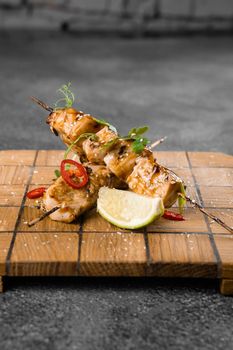 Meat on wooden skewers, garnished with cilantro, lime, sesame, chili on square board on gray background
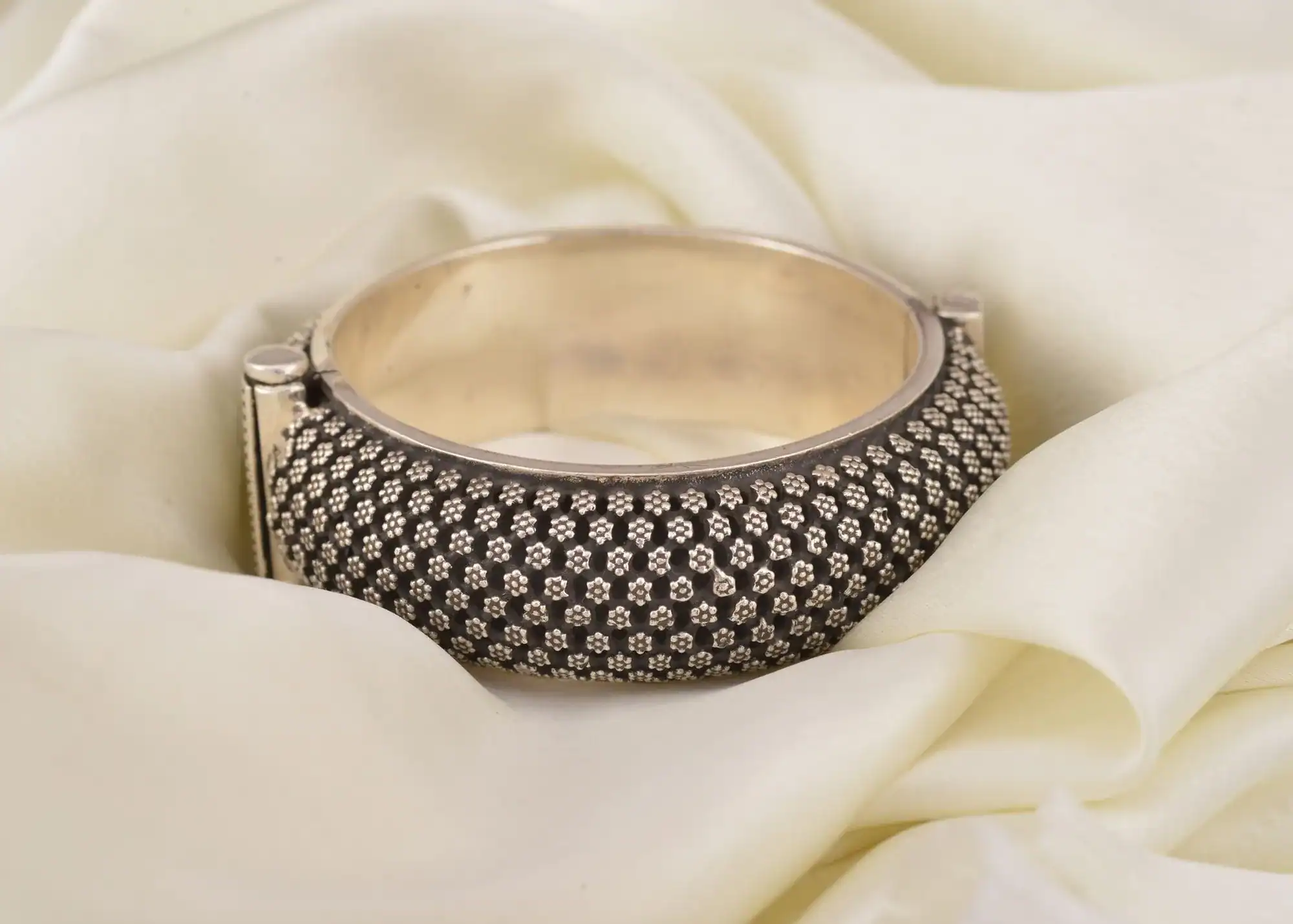 A wide sterling silver bangle with a blackened flower pattern resting on cream silk.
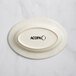 An ivory stoneware oval platter with embossed oval and wide rim.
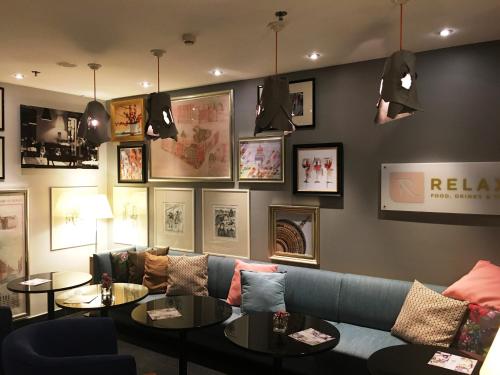 a living room with a couch and two tables at Mercure Hotel & Residenz Berlin Checkpoint Charlie in Berlin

-.-.-

** BRIEF **
Restate word for word the lines beginning with the one that contains "A wide sterling" and ending with the last line of the listing; pictures stay out.

** SOLUTION TO THIS EXERCISE **
 A wide sterling silver bangle with a blackened flower pattern resting on cream silk.
 An ivory stoneware oval platter with embossed oval and wide rim.
 a living room with a couch and two tables at Mercure Hotel & Residenz Berlin Checkpoint Charlie in Berlin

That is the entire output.